Мы заговорили о сидячих забастовках. Он участвовал и в них и в бойкоте автобусов. Я рассказал ему о том, что видел в Новом Орлеане. Он там бывал. То, что меня так поразило, для него не было неожиданностью.
Наконец мы заговорили о Мартине Лютере Кинге
[53]
и его проповеди пассивного, но неослабного сопротивления.
– Это слишком долго, — сказал он. — Сколько времени даром уйдет!
– Но улучшения есть, улучшения происходят непрестанно. Ганди доказывал, что только это оружие и может принести победу в борьбе с насилием.
– Знаю, знаю. Все это я учил. Успехи у нас по капле, а время идет и идет. Я хочу, чтобы было скорее, мне нужно действие… сейчас, сию минуту.
– Так можно загубить все.
– Я успею состариться, прежде чем стану человеком. Так и умереть успеешь.
– Это верно. Ганди умер. А много таких, как вы, — которые хотят действовать?
– Да. Такие есть… есть кое-кто, а сколько — не берусь сказать.
Мы тогда о многом переговорили. Этот человек знал, что ему нужно, он был горячий, напряженный, и его ярость вырывалась наружу, только тронь. Но когда я ссадил его в Монтгомери, он вдруг сунул голову в кабину моего Росинанта и засмеялся.
– Мне стыдно, — сказал он. — Нельзя же быть таким эгоистом. Но я хочу это увидеть… Живой, а не мертвый. Здесь, у нас! При жизни хочу! И поскорее! — Он круто повернулся, вытер глаза ладонью и быстро зашагал прочь.
У нас высказывается и печатается столько всяких мнений и суждений — и во время выборов и путем опроса наших граждан, — что иной раз и в газете не сразу разберешь, где желаемое, а где факты.

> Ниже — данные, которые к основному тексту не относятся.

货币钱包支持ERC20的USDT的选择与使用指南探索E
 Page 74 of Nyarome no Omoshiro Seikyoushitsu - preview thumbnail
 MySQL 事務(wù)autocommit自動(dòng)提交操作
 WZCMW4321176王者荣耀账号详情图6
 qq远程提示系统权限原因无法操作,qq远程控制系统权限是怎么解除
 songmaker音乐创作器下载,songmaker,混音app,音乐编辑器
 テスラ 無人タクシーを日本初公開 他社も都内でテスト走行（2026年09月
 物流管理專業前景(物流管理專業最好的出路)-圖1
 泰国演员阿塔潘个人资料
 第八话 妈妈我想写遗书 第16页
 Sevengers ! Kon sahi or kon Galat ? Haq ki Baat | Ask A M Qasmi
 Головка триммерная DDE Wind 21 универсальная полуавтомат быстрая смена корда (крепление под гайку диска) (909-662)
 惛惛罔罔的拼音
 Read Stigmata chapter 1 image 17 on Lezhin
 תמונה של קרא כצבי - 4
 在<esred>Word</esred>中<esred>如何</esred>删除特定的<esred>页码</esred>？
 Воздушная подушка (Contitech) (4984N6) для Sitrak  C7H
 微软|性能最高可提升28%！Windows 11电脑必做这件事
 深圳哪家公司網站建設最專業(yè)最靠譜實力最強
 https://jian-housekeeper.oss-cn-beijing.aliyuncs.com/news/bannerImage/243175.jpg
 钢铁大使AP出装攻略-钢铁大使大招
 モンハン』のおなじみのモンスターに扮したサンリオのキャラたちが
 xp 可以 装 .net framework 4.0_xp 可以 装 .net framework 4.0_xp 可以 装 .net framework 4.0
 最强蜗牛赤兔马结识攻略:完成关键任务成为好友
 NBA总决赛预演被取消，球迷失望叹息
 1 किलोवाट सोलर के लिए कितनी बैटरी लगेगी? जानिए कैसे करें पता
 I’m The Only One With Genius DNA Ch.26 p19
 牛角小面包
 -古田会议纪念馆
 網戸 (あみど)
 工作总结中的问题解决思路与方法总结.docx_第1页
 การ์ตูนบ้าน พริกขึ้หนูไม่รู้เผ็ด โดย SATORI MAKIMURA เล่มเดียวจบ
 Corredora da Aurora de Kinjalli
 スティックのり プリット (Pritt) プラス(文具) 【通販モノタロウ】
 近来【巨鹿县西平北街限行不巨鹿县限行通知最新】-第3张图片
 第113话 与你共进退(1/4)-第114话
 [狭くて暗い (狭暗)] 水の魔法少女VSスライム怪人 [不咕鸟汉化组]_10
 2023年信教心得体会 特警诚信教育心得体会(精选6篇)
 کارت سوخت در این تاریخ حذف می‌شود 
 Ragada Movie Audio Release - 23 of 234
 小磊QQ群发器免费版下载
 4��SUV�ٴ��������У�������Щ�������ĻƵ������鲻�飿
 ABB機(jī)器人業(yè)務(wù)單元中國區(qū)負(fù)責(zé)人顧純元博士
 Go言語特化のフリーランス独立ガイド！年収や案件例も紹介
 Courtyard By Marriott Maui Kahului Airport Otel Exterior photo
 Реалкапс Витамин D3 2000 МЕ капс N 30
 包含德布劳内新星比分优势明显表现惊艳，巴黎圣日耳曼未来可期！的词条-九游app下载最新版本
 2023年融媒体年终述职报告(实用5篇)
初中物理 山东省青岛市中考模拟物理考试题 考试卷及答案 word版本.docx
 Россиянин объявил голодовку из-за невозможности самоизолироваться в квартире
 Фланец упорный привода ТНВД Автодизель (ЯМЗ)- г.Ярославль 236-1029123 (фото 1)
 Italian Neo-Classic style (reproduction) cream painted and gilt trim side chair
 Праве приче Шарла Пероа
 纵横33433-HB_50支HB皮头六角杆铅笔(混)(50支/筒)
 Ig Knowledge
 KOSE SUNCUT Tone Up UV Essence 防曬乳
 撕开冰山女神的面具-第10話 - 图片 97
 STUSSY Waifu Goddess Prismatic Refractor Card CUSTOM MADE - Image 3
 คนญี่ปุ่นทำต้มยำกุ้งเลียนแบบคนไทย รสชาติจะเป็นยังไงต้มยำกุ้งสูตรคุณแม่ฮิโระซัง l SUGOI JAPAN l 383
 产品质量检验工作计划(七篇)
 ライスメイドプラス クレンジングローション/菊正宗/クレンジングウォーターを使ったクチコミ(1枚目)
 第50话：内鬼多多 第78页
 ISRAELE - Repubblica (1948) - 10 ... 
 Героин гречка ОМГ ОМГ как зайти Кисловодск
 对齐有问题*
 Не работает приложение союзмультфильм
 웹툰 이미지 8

Так вот, учитывая все это, я хочу, чтобы меня поняли правильно. Я не собирался показывать здесь и, по-моему, не показал ничего такого, что можно было бы счесть поперечным разрезом нашего Юга. Следовательно, у читателей нет повода сказать: «Он думает, будто дал подлинную картину жизни в Южных штатах». Нет, этого я не думаю. Здесь записано то, что говорили мне два-три человека и что я видел сам. Типичны ли мои собеседники и можно ли из всего этого сделать какие-нибудь выводы, я не знаю. Мне ясно другое: в тех местах тревожно, и людям там приходится нелегко. И еще мне ясно, что разрешение этого вопроса дастся не сразу и не просто. Я повторяю следом за мсье Здесь Покоится: дело не в цели, дело в том, как отчаянно трудно выбрать средства, которые к этой цели ведут.